━━━━━ Task material ━━━━━
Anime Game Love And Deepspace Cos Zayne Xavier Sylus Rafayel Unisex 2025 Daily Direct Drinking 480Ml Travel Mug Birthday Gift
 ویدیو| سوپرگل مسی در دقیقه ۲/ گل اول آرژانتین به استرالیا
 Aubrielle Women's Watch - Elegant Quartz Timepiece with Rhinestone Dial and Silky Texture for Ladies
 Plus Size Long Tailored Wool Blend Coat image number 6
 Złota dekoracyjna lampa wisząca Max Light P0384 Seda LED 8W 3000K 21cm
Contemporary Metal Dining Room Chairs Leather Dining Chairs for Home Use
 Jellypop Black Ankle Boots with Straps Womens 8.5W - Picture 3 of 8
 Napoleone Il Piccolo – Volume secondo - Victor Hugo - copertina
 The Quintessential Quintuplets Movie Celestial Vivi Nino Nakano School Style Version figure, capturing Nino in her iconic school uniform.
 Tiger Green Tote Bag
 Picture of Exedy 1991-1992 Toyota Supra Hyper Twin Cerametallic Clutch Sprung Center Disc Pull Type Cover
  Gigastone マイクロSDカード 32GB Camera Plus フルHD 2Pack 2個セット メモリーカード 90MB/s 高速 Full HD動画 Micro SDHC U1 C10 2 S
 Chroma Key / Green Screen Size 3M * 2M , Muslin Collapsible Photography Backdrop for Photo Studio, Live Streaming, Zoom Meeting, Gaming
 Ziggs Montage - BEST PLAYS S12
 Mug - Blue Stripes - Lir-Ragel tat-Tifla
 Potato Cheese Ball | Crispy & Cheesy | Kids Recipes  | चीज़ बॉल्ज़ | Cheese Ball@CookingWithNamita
━━━━━
• What is being asked: Search the listing above for "Picture" and copy every line that holds it.

• Response below:
 Jellypop Black Ankle Boots with Straps Womens 8.5W - Picture 3 of 8
 Picture of Exedy 1991-1992 Toyota Supra Hyper Twin Cerametallic Clutch Sprung Center Disc Pull Type Cover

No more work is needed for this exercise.